A esta altura de mi vida, descubro que, aun sin ser siempre consciente, he perseguido mayormente dos misterios que no siempre he conseguido articular bien. En ocasiones hasta me han parecido contrarios y enfrentados. Pero ahora pienso que no es así. Me refiero a Dios y al mundo. Ahora empiezo a intuir que no son dos misterios antagónicos, sino dos aspectos del mismo Gran Misterio. Dios, sí, pero no como aquel ser trascendente, santo y tremendo, separado del mundo, sino como este fondo inmanente que está a la raíz y dentro de todo lo que existe. Como esa fuerza o energía que todo lo sostiene y anima, que todo lo mantiene amorosamente en la existencia. Me siento, en esta fase de mi vida, muy identificado con la confesión de Pablo de Tarso en el Areópago diciéndole a los atenienses: “en él vivimos, nos movemos y existimos”. Y me entusiasma cada día más la intuición del poeta Machado cuando habla abiertamente de “el Dios que todos llevamos, el Dios que todos hacemos, el Dios que todo buscamos y que nunca encontraremos”. Y añado yo, el Dios que, al final, no nos cabe en las manos…
Por otra parte, miro el mundo como reflejo o espejo de Dios y, aún más, como la forma o el cuerpo desde donde el misterio se transparenta. Lo decía atrevidamente Teilhard de Chardin al hablar de la trasparencia más allá de la trascendencia o inmanencia de Dios: “No vuestra “epifanía”, Señor, sino vuestra ”diafanía”. Antes se había extasiado místicamente Juan de la Cruz ante ese “no sé qué” que las cosas quedan balbuciendo”.
- 3. Un ser inacabado con tantas preguntas no resueltas y que ha pretendido ser cristiano con ese fondo de misterio insondable. Para completar la radiografía de mí mismo, aún esta tercera nota. Quizás, como exigencia de todo lo anterior o con la intención de penetrar con la mirada en ese fondo misterioso, he pretendido modestamente ser teólogo. Y con este fin, me he sentado en diversas facultades de teología y en escuelas de exégesis y de hermenéutica. Al final, he caído en la cuenta de que, la “última realidad” que yo he venido persiguiendo en mi vida no se encerraba en sus textos. Todas las escuelas estaban llenas de palabras. Pero las palabras no eran más que presagios, mensajeros que no alcanzaban a tocar el gran misterio.
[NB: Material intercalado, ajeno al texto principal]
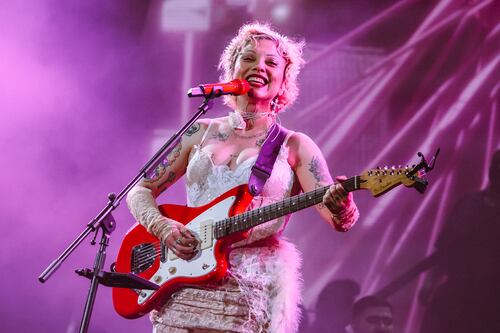 Mon Laferte da un adelanto de su próximo proyecto con “Otra Noche de Llorar“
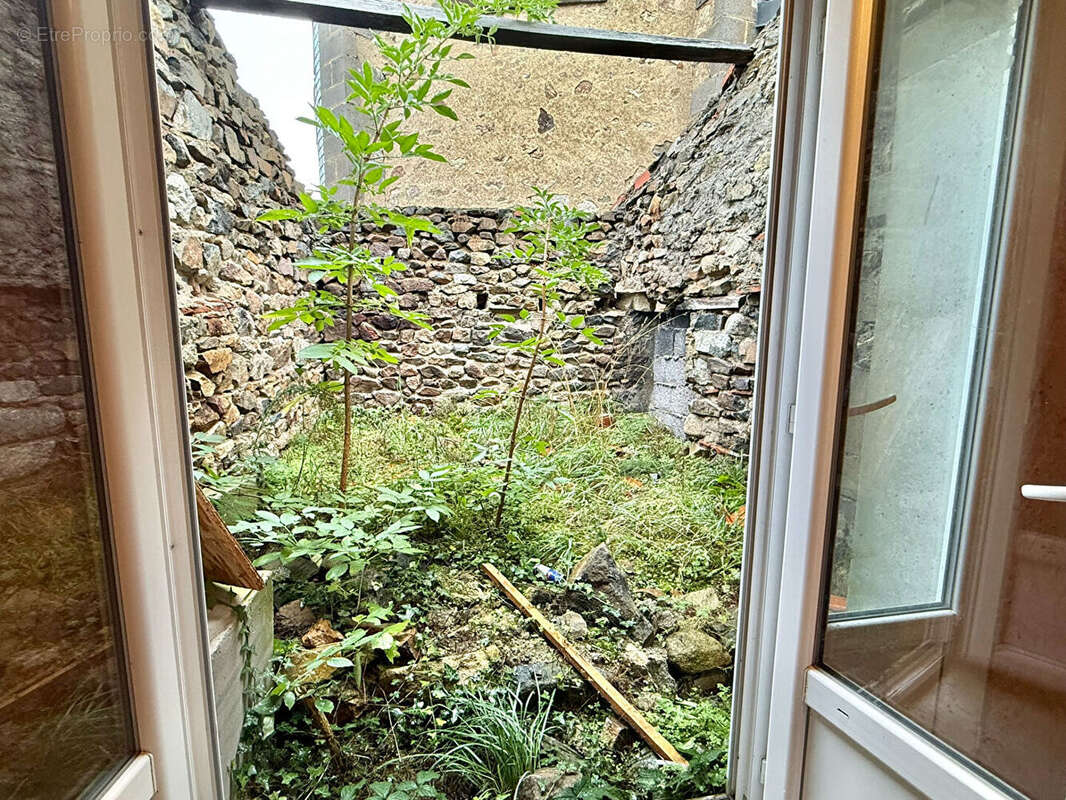 Maison à BLOT-L&#039;EGLISE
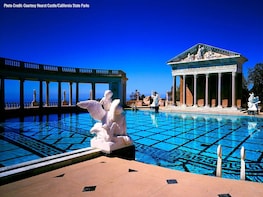 Hearst Castle & Wine Group Tour from Paso Robles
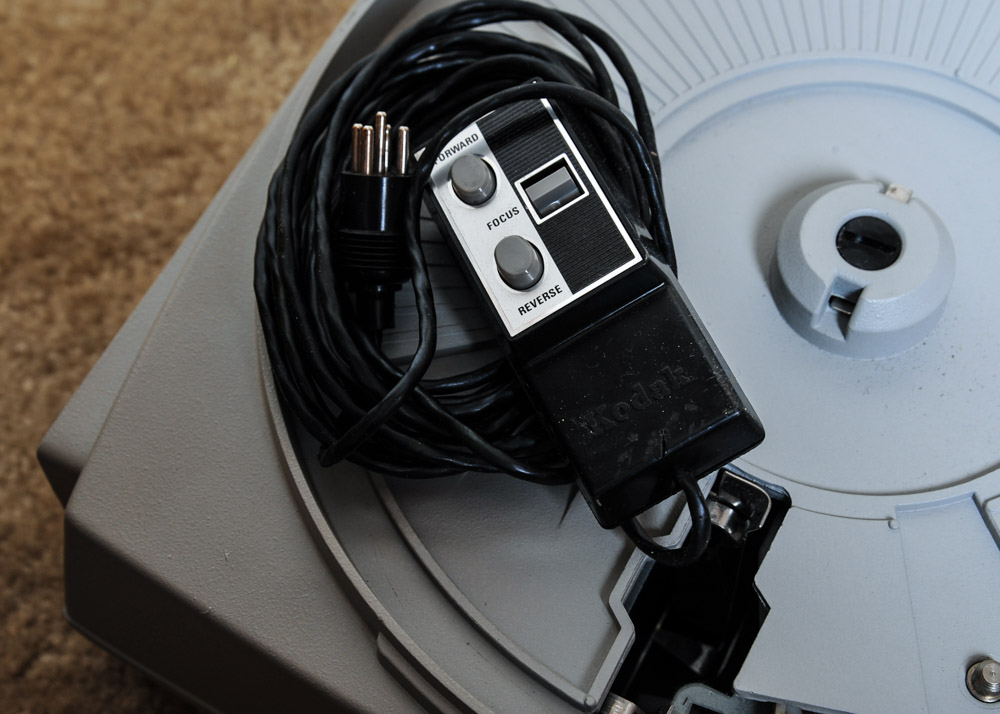 Kodak Ektagraphic Slide Projector and Knox 400 Screen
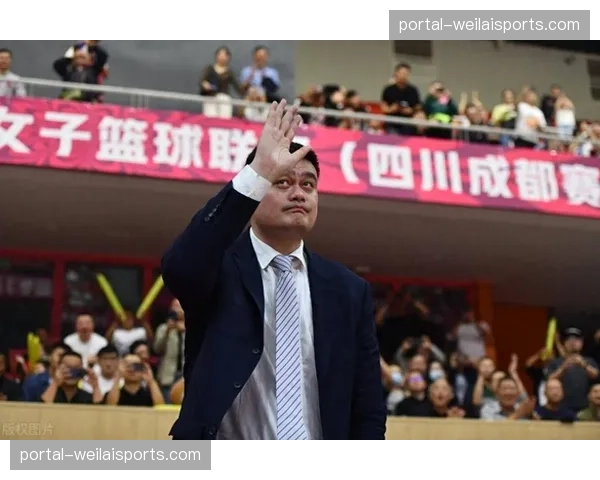 姚明出席篮球进校园活动，强调CBA俱乐部需承担更多青训社会责任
Quizás porque lo que pretendían expresar con sabias palabras es inexpresable, quizás porque siempre está, como el horizonte, más allá de nuestro alcance.
Siguiendo el consejo de los maestros, decidí aplicar mis ojos para recrear en mí, con el poder de apropiación que tiene siempre la mirada, una réplica a mi medida de la inabarcable realidad última: uno para mirar hacia atrás e ir reconociendo las huellas y epifanías que el Gran Misterio ha ido dejando en el mundo; y otro para mirar hacia delante oteando el horizonte donde nos cita siempre la promesa.
En la construcción de esta empresa, que ha sido la sustancia de mi vida, no he encontrado mejor paradigma que Jesús de Nazaret. Rodeado siempre de “malas compañías”, es justamente testigo de esa doble mirada: una hacia el Abba que manifiesta su presencia en las cambiantes signos de los tiempos y otra sobre el cosmos para extasiarse ante la belleza y humildad de la flor, el candor de los niños, la compasión de los enfermos, y el dolor de los pobres. Modestamente, estas son algunas de las cosas que encuentro en mi casa, cuando regreso a mí mismo.